Signs and symptoms
Individuals with catatonia often cannot provide a coherent history; however, collateral sources can often relate relevant historical information. A history of behavioral responses to others usually includes the presence of the following:
Echopraxia (repeating the movements of others)
Echolalia (repeating the words of others)
The alternative presentation of catatonia is an excited state, possibly with impulsivity, combativeness, and autonomic instability.

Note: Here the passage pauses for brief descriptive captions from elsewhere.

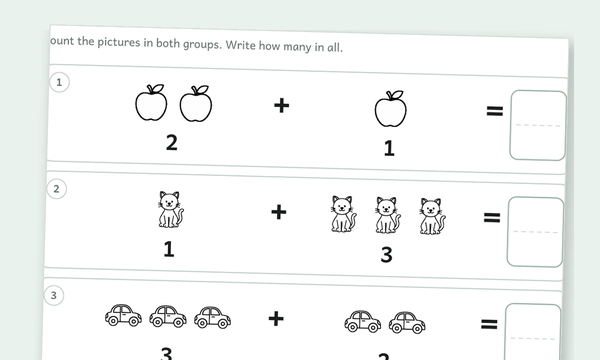 Printable picture addition worksheets preview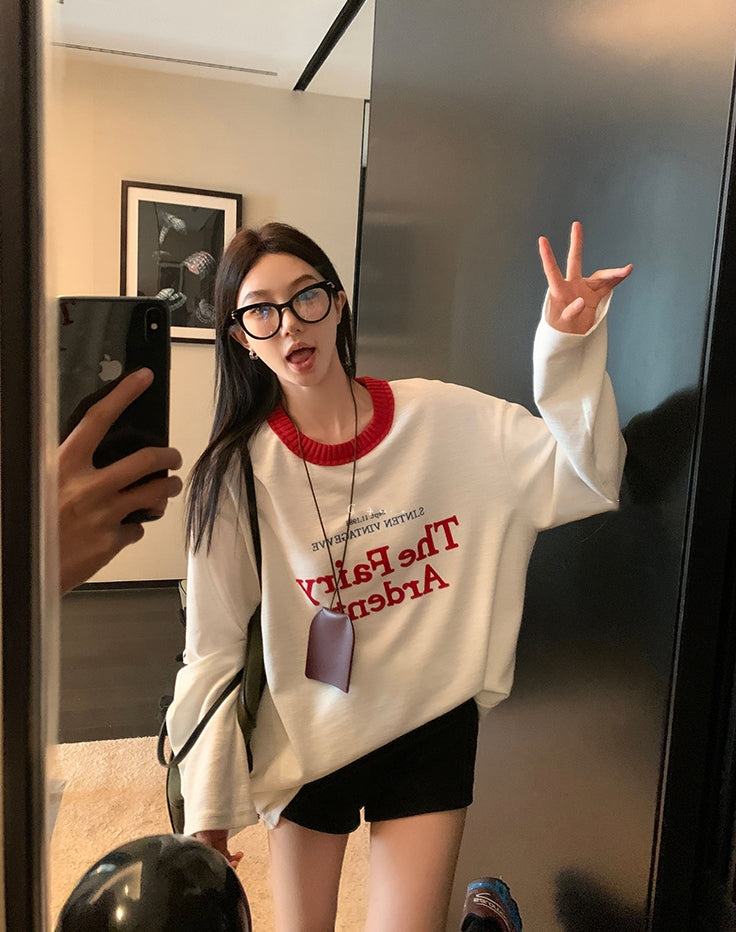 American INS-Style Round Neck Oversized Tee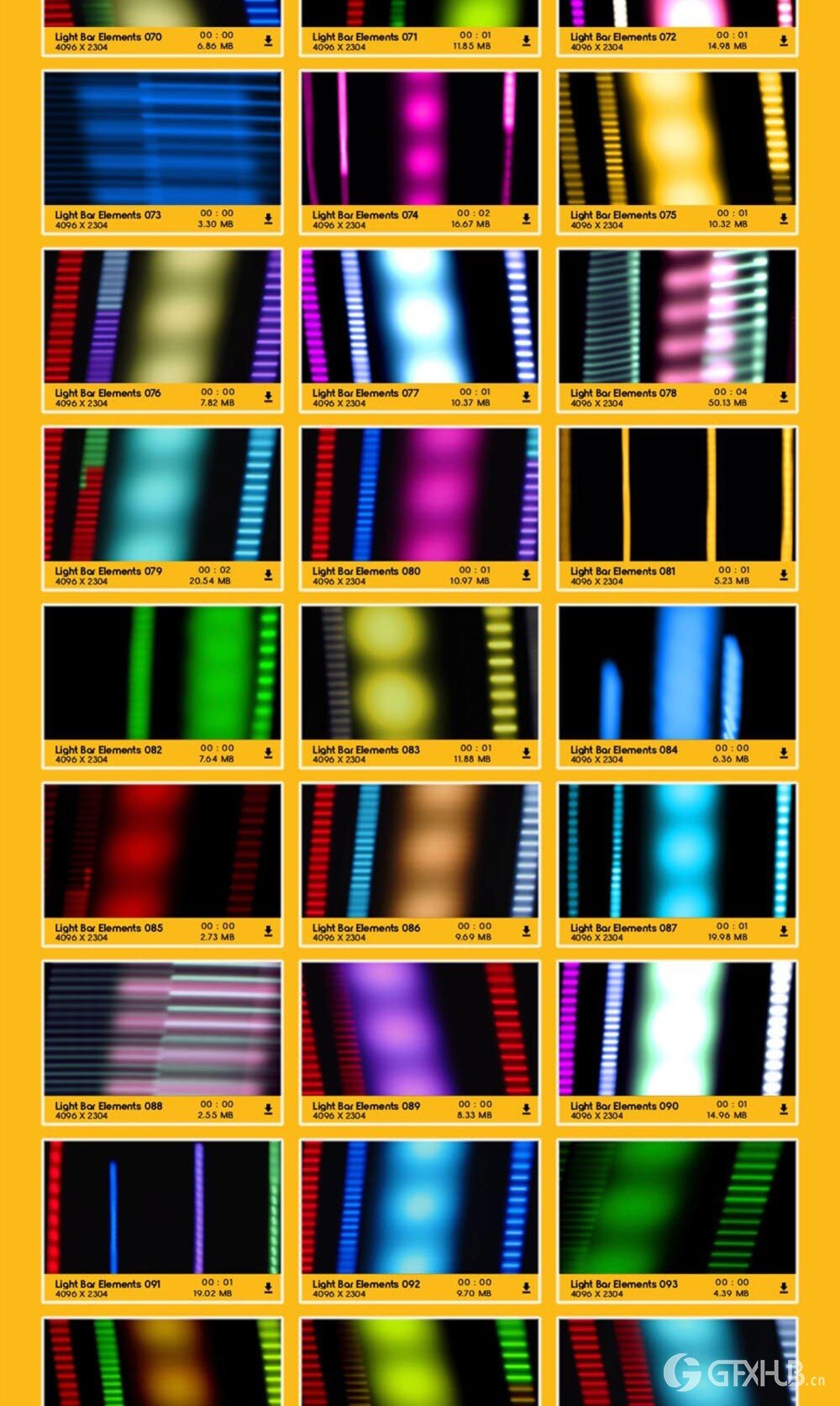 211个霓虹灯光条快速划过闪烁叠加动画 BusyBoxx – V73 Light Bar Overlay FX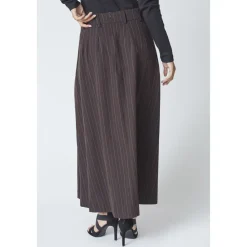 Nederdele<Co'Couture Pinstripe Plisseret Nederdel i Mørke Brun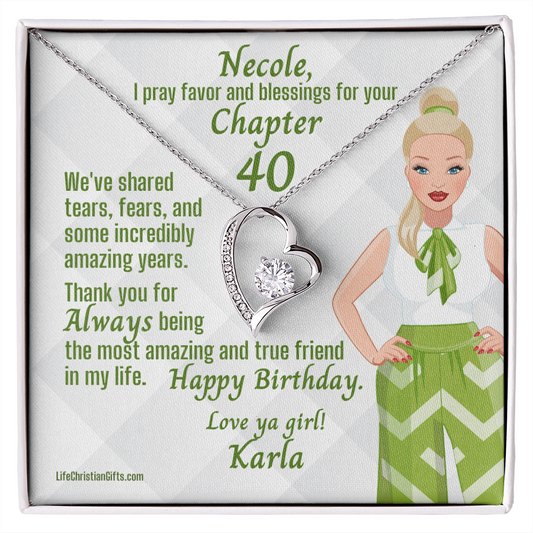 Chapter Birthday Silver Necklace  and Message Card Gift Box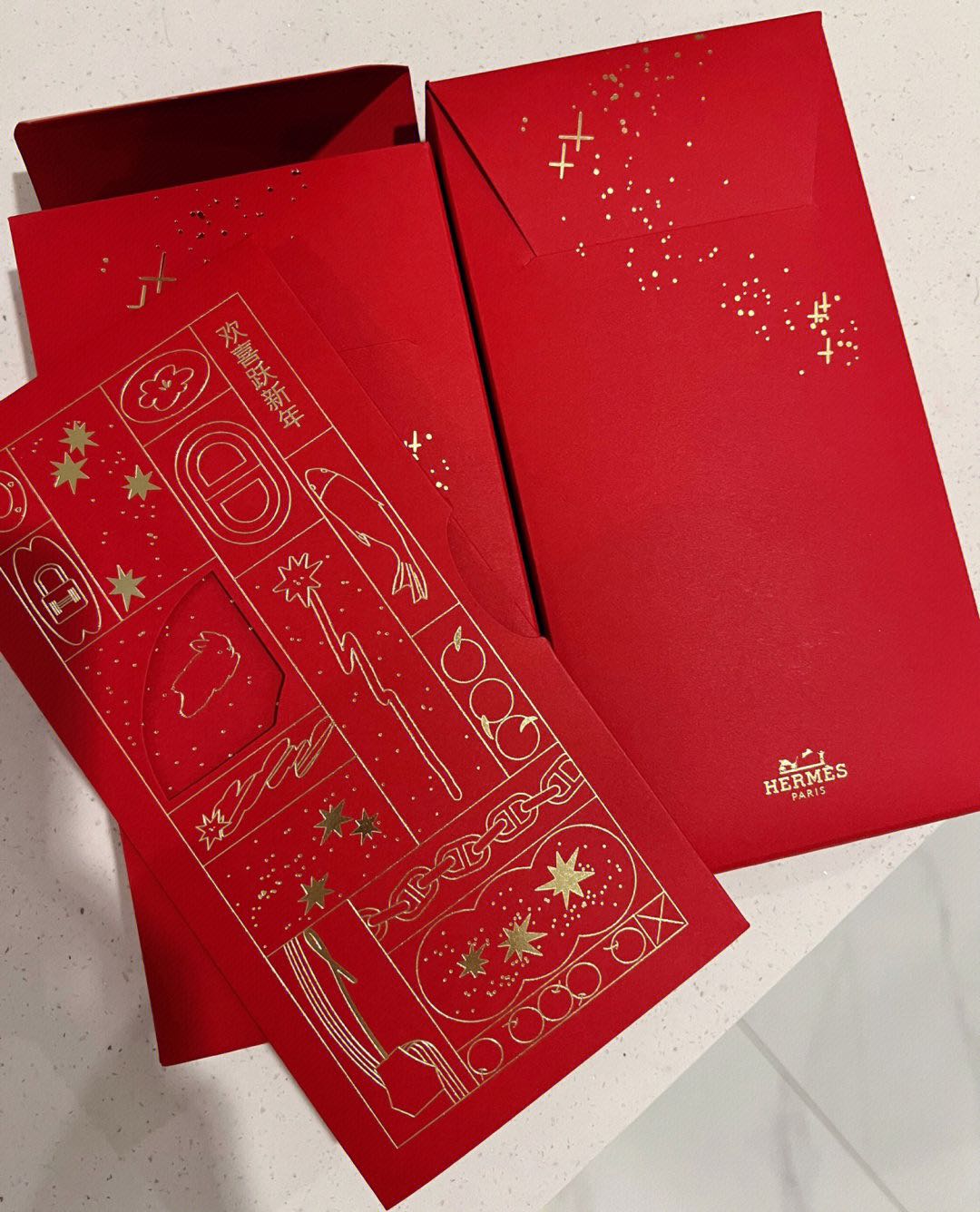 Hermes, Accessories, Hermes Year Of Tiger Red Envelopes Chinese New Year Red  Pocket New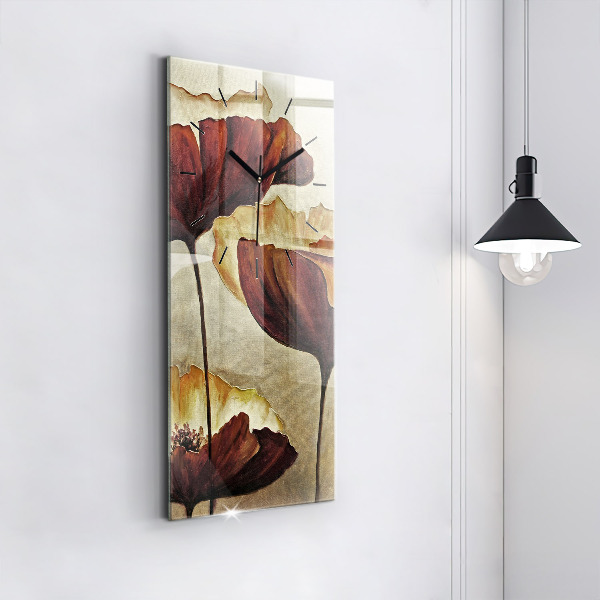 Modern vertical wall clock Painted poppies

The history should inquire into the following:
Possible precipitating events, including infection, trauma, and exposure to toxins and other substances
Previous similar episodes of catatonia
Exposure to neuroleptics and other substances associated with catatonia
Comorbid disorders, including schizophrenia, mood disorders, psychological stressors, medical conditions, and obstetric conditions
Treatment modalities include pharmacotherapy and electroconvulsive treatment (ECT). Prompt treatment in the early phases of catatonic states is crucial to obtaining a lasting abatement of symptoms.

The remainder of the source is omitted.